Pourtant, comme Weinberger le décrit dans le détail, les objections des scientifiques n’empêchent pas les décideurs d’adhérer au culte de Collins. Une véritable question se pose donc. Il est sans doute justifié pour certaines agences comme DARPA de subventionner des projets risqués, dont les fondements restent à établir mais qui pourraient accoucher de résultats surprenants. Qu’en est-il toutefois des projets qui contredisent carrément le consensus scientifique?

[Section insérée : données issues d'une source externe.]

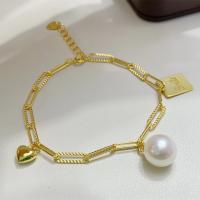 Sötvatten odlade Pearl Bracelet, Freshwater Pearl, med Mässing, med 1.57inch extender kedja, mode smycken & för kvinna, gyllene, Längd Ca 6.3 inch, Säljs av PC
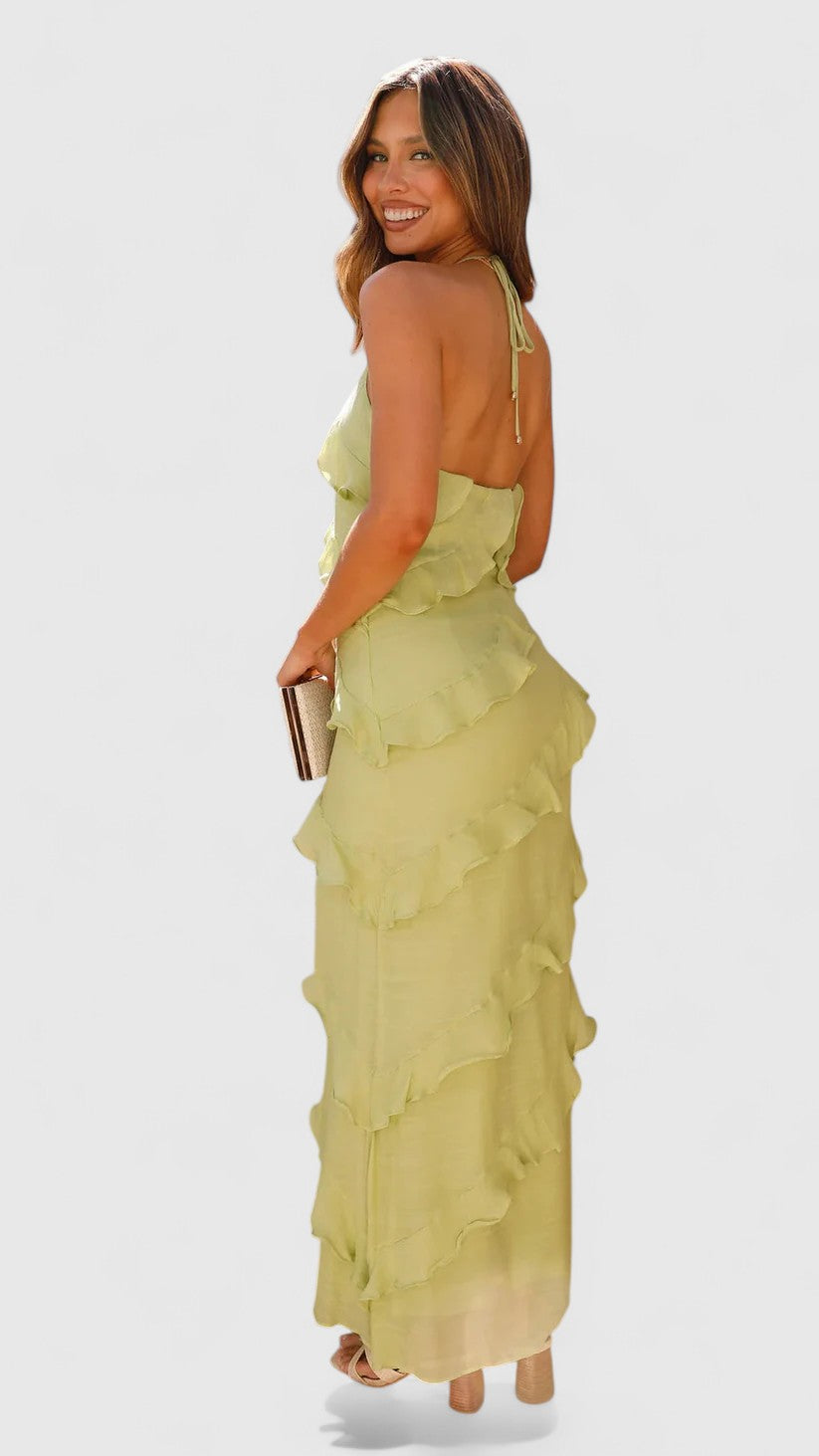 Seraphina Maxi Dress with Cascading Ruffle Layers for Eveningwear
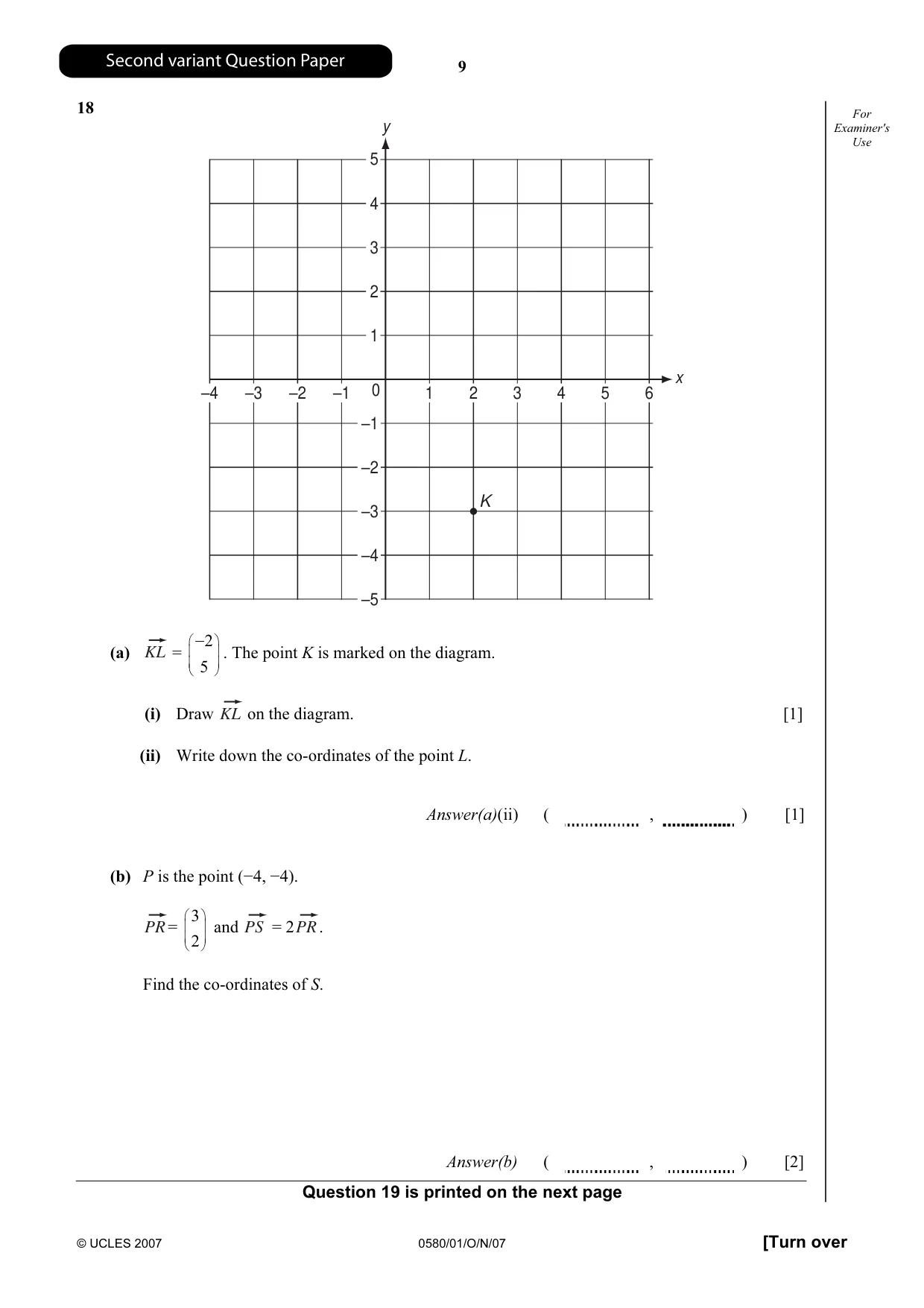 Cambridge IGCSE Mathematics 0580 2007 Oct/Nov Paper 1 · Variant 1 question paper, page 22 of 25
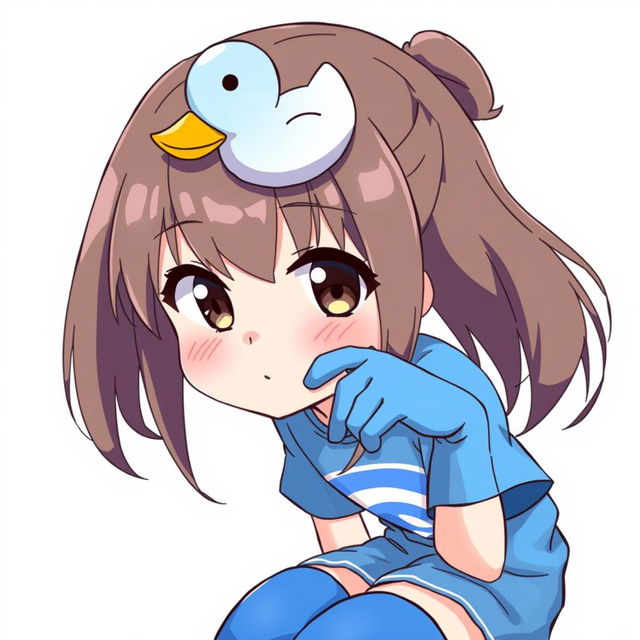 Anime style illustration of a girl with brown hair and dark brown eyes, featuring a blue duck hair clip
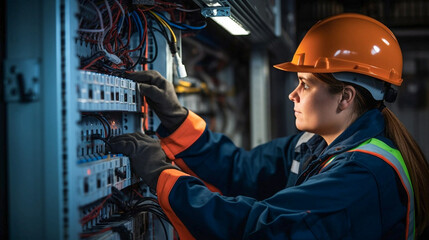 Fototapeta premium copy space, stockphoto, Candid shot of a female commercial electrician at work on a fuse box, adorned in safety gear, demonstrating professionalism. Female engineer working on an electicity installati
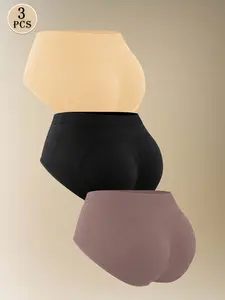 3 Pcs JOINBUY Butt-Lifting Tummy Control Underwear Soft Breathable Shaping Panties with Removable Pads Heart Lift & Mid for Daily Wear Elegant Triangle Briefs No Bulk Shapewear Shorts Womenswear Ice Silk Low Waist tydal womens  zip  up  sports  bra active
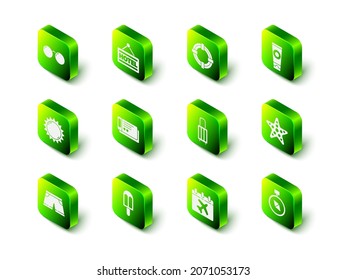 Set Signboard with text Hotel, Lifebuoy, Sunscreen cream in tube, Starfish, Compass, Suitcase, Calendar and airplane and Ice icon. Vector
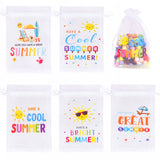 joycraft 30Pcs Summer Organza Bags - 4x6In End of School Year Drastring Gift Bags, 5 Style Have a Bright Summer Party Bags for Vacation, Graduation, Classroom, Office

Malheureusement, ce n’est pas toujours facile d’identifier les équivalents modernes du mouvement perpétuel. Le langage de la physique de haut vol est souvent abscons et les théories de pointe traitent de phénomènes abstraits, dont le profane n’aura aucune appréhension intuitive.

Non sans l’exagérer peut-être à dessein, Weinberger fait preuve d’une ignorance abyssale de la physique. Ceci a pu désarmer certains de ses interlocuteurs, en particulier les sectateurs du hafnium qui se sont livrés ou qui lui ont ouvert les portes de leurs laboratoires, non sans une certaine candeur...

Le fait qu’elle soit une femme a sans doute joué aussi; la plupart de ses interlocuteurs sont des hommes. Or, depuis au moins l’explication de l’astronomie à une jolie marquise par Fontenelle, les physiciens ont rarement refusé de parler à une belle ignorante, surtout s’il s’agit d’expliquer ce qu’ils font.

Le texte n’est pas exempt de défauts. Il y a des coquilles, des répétitions et des explications scientifiques qui n’en sont pas. Sharon Weinberger n’essaie pas de faire de la vulgarisation scientifique; elle s’en tient à son rôle de témoin et de journaliste. Elle ne tente pas de faire rentrer l’ensemble dans un cadre théorique comme le ferait une sociologue des sciences et l’intention politique n’apparaît que dans l’épilogue, qui dresse un parallèle explicite entre le rejet par l’administration Bush du savoir des experts (dans le cas des armes de destruction massive, par exemple) et l’adhésion des officiels à une idée essentiellement rejetée par les meilleurs physiciens du pays.

Weinberger finit par se rendre compte que son sujet s'est transformé sous ses yeux. En fin de compte, il n'est plus seulement question d'une arme imaginaire dont un physicien enthousiaste a fait l'appât qui lui ouvre les coffres de l'État aux dépens d'administrateurs crédules. Le débat repose en dernière analyse sur une controverse scientifique, presque à l'état pur. Ni Thomas Kuhn ni Karl Popper ne sont invoqués, même si les défenseurs de Collins s'appuient implicitement sur l'incommensurabilité des paradigmes scientifiques qui se succèdent dans le temps tandis que les critiques de Collins s'en prennent à l'impossibilité de réfuter des affirmations qui ne cessent de changer. En revanche, les critiques de Collins ressortent un aphorisme qui a déjà servi : « Extraordinary claims demand extraordinary proof » (p. 71). Et Weinburger n'omet pas de présenter le concept de science pathologique d'Irving Langmuir.

Les scientifiques ont leur propre épistémologie. Sous une forme ramassée, trois critiques de Collins la résument ainsi, selon Weinberger : « Neither we nor anyone else can predict in advance how nature will judge our efforts [...] Instead, we must rely on the usual trusted (but imperfect) criteria employed by the scientific community to judge emerging results: peer review and reproducibility across diverse research groups. Both of these are inherently retrospective, rather than prospective, activities. » (p. 225) Les sociologues des sciences reprochent souvent aux scientifiques leur scientisme, mais ils négligent tout aussi souvent de rappeler que les scientifiques professionnels sont parfaitement conscients de se reposer sur la méthode scientifique *faute de mieux*. Le cas de la secte du hafnium rappelle à quel point cette exigence imparfaite est contraignante.